**About this task**
Exact copies of all the lines below are required, with the pictures omitted.

BEGIN Exercise input

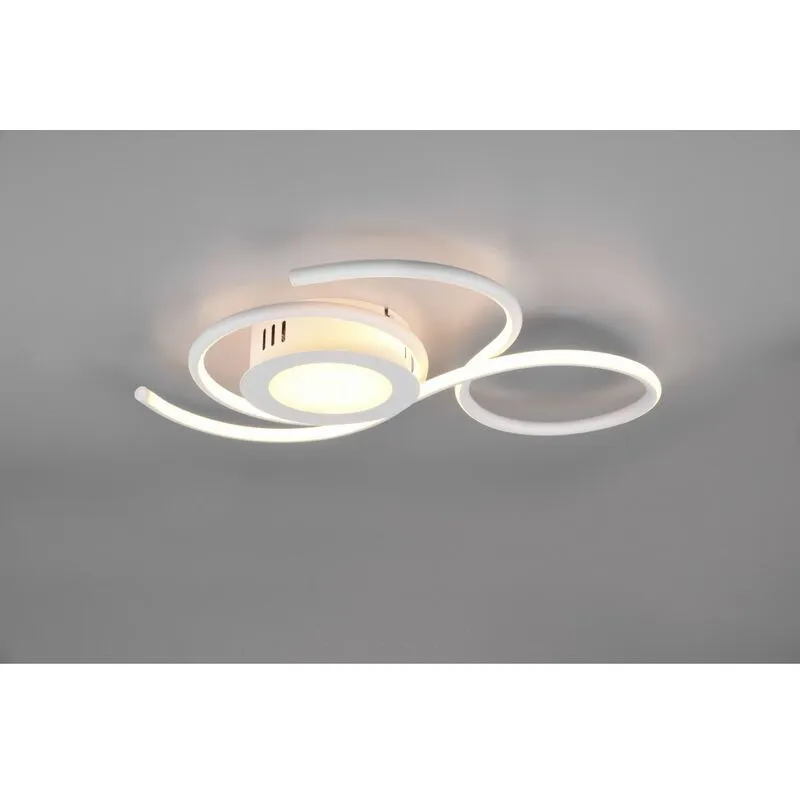 Plafoniera Design Moderno Led Dimmer Jive Bianco  Lighting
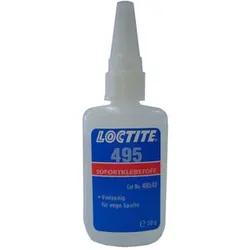 495 Universal-Sofortklebstoff farblos, niedrigviskos, 50gr Flasche - farblos/transparent
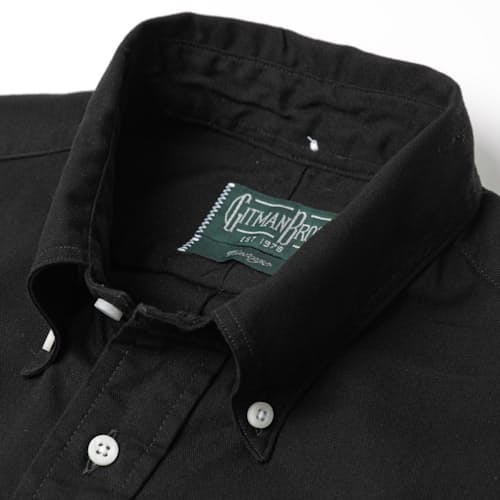 laydown detail image of Classic American Vintage Oxford Shirt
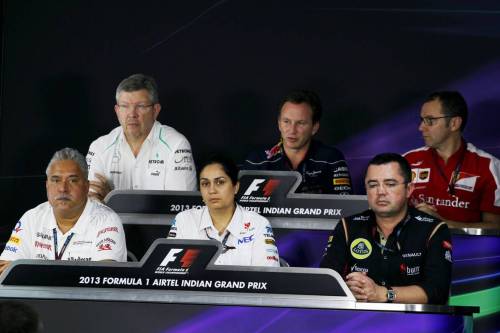 Гран При Индии. Пресс-конференция в пятницу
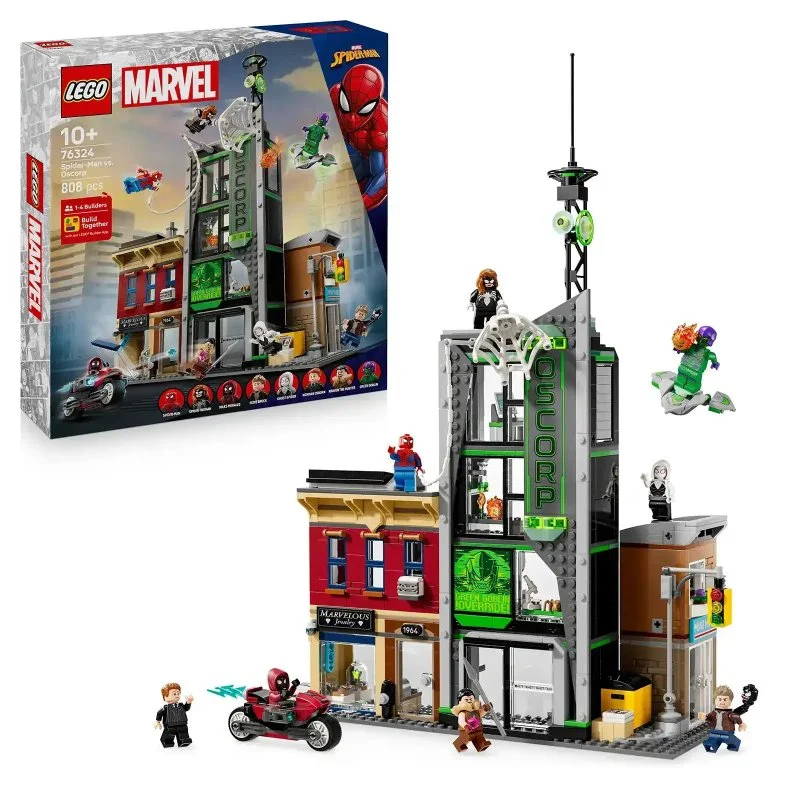 ǀ Marvel 76324 Spider-Man contro Oscorp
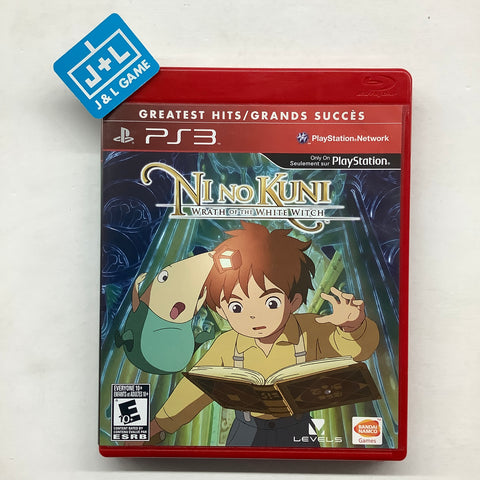 Ni no Kuni: Wrath of the White Witch (Greatest Hits)  - (PS3) PlayStation 3 [Pre-Owned] Video Games Namco Bandai Games   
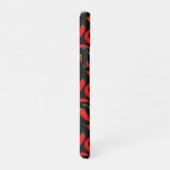 Coque iPhone 11Pro Poivrons rouges en noir (Côté droit)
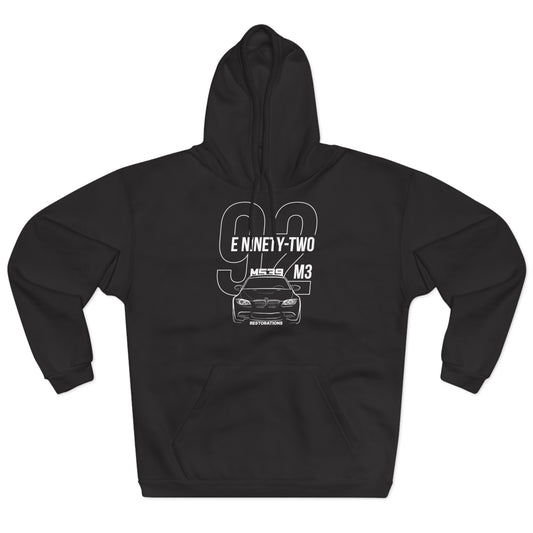 E92 M3 Typography Tee Hoodie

END Exercise input

**Your solution**
 Plafoniera Design Moderno Led Dimmer Jive Bianco  Lighting
 495 Universal-Sofortklebstoff farblos, niedrigviskos, 50gr Flasche - farblos/transparent
 laydown detail image of Classic American Vintage Oxford Shirt
 Гран При Индии. Пресс-конференция в пятницу
 ǀ Marvel 76324 Spider-Man contro Oscorp
 Ni no Kuni: Wrath of the White Witch (Greatest Hits)  - (PS3) PlayStation 3 [Pre-Owned] Video Games Namco Bandai Games   
 Coque iPhone 11Pro Poivrons rouges en noir (Côté droit)
 E92 M3 Typography Tee Hoodie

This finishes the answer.